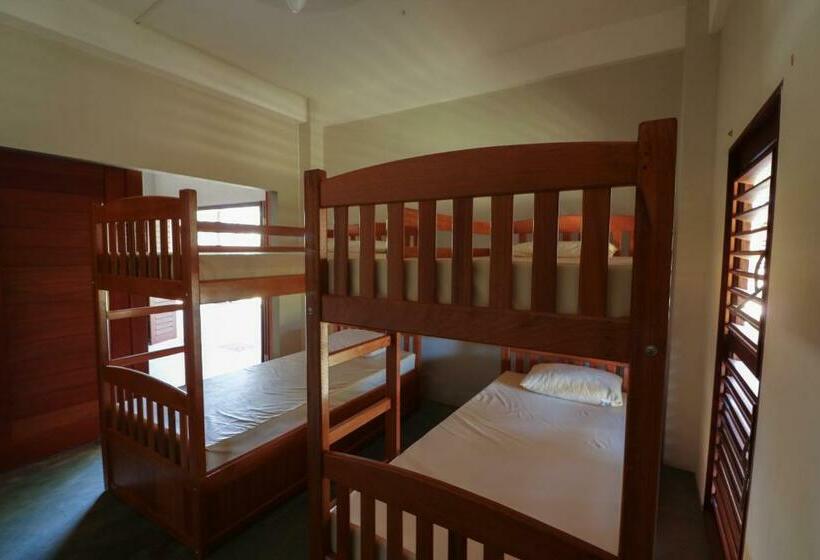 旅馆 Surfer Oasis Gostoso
* * *
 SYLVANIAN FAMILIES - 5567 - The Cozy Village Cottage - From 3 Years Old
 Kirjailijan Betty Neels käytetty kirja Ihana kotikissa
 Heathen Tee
--
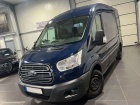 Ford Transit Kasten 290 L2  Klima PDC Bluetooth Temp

Work to be completed:
Every line from the line containing "SYLVANIAN FAMILIES - 5567" through the line containing "Heathen Tee" in the records above must be retyped exactly. Leave out the rest.

Result of the exercise:
 SYLVANIAN FAMILIES - 5567 - The Cozy Village Cottage - From 3 Years Old
 Kirjailijan Betty Neels käytetty kirja Ihana kotikissa
 Heathen Tee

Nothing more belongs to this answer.